La réforme constitutionnelle annoncée par le Président de la République est sans aucun doute une occasion précieuse et incontournable pour répondre aux défis actuels de la République Démocratique du Congo (RDC). Il est indéniable que la Constitution actuelle présente de nombreuses lacunes qui entravent la mise en place d’une gouvernance efficace, inclusive et modernisée. Un tel processus de révision doit impérativement répondre aux aspirations profondes du peuple congolais. Cela passe par une représentation plus équilibrée de toutes les communautés, un renforcement de la décentralisation, et une séparation plus nette des pouvoirs, garantissant ainsi un contrôle et un équilibre optimal entre les différentes branches du pouvoir.

Il est essentiel que cette réforme ne soit pas perçue comme un processus imposé, mais qu’elle s’inscrive dans un cadre transparent et inclusif. Tous les acteurs de la société, qu’il s’agisse des partis politiques, de la société civile, des groupes de la diaspora et des citoyens en général, doivent être consultés afin de garantir une véritable participation démocratique. Un tel processus doit faire en sorte que chaque voix soit entendue et que chaque partie prenante puisse contribuer à l’élaboration des propositions soumises au Parlement, créant ainsi un climat de confiance et de consensus national.

Un des aspects les plus importants de cette réforme doit être la réduction des pouvoirs excessifs de l’exécutif et le renforcement des contre-pouvoirs, en particulier le rôle de l’Assemblée nationale et du système judiciaire. Ce rééquilibrage des pouvoirs est un pas nécessaire vers une démocratie plus robuste et plus fonctionnelle. Dans ce domaine, l’exemple de nombreux pays africains, comme le Ghana, où la révision constitutionnelle a permis de renforcer la séparation des pouvoirs et d’éviter l’accumulation excessive de pouvoir, montre qu’il est possible de renforcer la démocratie en redistribuant les responsabilités entre les différentes institutions de l’État.
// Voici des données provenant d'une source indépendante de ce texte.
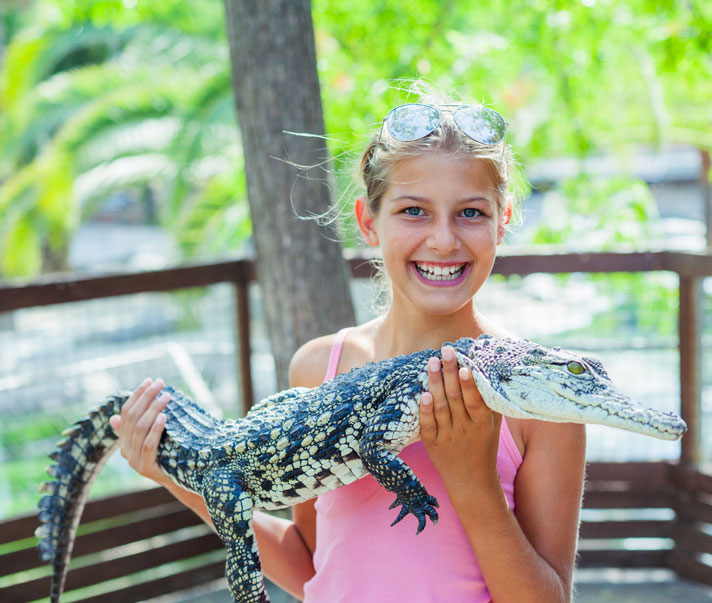 girl holding crocodilian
En outre, cette réforme doit répondre aux préoccupations quotidiennes des Congolais, notamment l’accès équitable aux services de base tels que la santé, l’éducation, l’eau potable et le logement. Ces questions doivent être ancrées dans la nouvelle Constitution afin d’assurer un développement durable pour tous. Les changements constitutionnels devraient également intégrer des mesures pour lutter contre les inégalités sociales et économiques, en veillant à ce que chaque Congolais puisse jouir des mêmes opportunités, indépendamment de sa situation géographique ou de son statut social.

En résumé, la réforme constitutionnelle est une étape indispensable et salutaire pour la RDC. Elle constitue un levier essentiel pour une meilleure gouvernance, une justice sociale plus équitable et une stabilité politique durable. Cependant, cela ne sera possible que si le processus est transparent, inclusif et participatif, garantissant ainsi que les réformes répondent véritablement aux besoins et aux aspirations des Congolais. Une Constitution révisée, ajustée aux réalités du XXIe siècle, renforcera la cohésion nationale et offrira des solutions concrètes aux défis de gouvernance et de développement.

Que dire pour conclure ?

Je tiens à exprimer ma profonde gratitude pour l’opportunité qui m’a été donnée de m’exprimer dans votre média. Ce fut un honneur de partager mes réflexions sur ce sujet capital pour l’avenir de notre pays. Aborder les enjeux de la réforme constitutionnelle, ainsi que les questions liées à la gouvernance, à l’inclusion sociale et au développement durable de la République Démocratique du Congo, est crucial pour construire un avenir prospère et équitable. Je suis convaincu que des discussions ouvertes et constructives comme celles-ci sont essentielles pour renforcer notre démocratie et guider notre pays vers la prospérité. Merci encore pour cette belle plateforme de dialogue et d’échange.